WHAT YOU SHOULD DO: Please count the lines in the data below that hold the word "Dark", and give only the number.
[TASK INPUTS Boundary: Start]
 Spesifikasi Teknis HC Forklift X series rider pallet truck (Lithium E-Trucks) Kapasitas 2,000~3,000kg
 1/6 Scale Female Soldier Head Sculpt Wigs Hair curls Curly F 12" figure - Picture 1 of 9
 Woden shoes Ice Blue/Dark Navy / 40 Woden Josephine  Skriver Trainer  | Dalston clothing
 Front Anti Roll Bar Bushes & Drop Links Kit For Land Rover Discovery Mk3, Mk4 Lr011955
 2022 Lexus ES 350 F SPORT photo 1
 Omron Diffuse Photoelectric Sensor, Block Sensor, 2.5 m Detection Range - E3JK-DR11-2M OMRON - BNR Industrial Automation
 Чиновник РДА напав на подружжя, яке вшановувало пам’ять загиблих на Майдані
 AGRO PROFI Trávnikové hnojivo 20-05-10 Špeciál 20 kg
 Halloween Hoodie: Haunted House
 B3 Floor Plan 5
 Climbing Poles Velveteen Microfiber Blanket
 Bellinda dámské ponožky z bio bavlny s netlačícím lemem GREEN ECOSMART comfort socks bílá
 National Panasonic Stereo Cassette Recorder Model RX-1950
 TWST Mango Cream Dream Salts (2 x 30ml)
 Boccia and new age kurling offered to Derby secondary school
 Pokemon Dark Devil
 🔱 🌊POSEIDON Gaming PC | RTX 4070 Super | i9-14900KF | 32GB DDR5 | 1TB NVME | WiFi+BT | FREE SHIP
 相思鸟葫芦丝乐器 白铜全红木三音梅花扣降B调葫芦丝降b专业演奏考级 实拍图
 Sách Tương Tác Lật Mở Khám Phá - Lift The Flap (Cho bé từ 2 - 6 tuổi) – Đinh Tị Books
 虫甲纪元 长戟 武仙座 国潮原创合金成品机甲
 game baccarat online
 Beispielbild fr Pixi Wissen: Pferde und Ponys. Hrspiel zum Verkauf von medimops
[TASK INPUTS Boundary: End]
WRITTEN RESPONSE: 2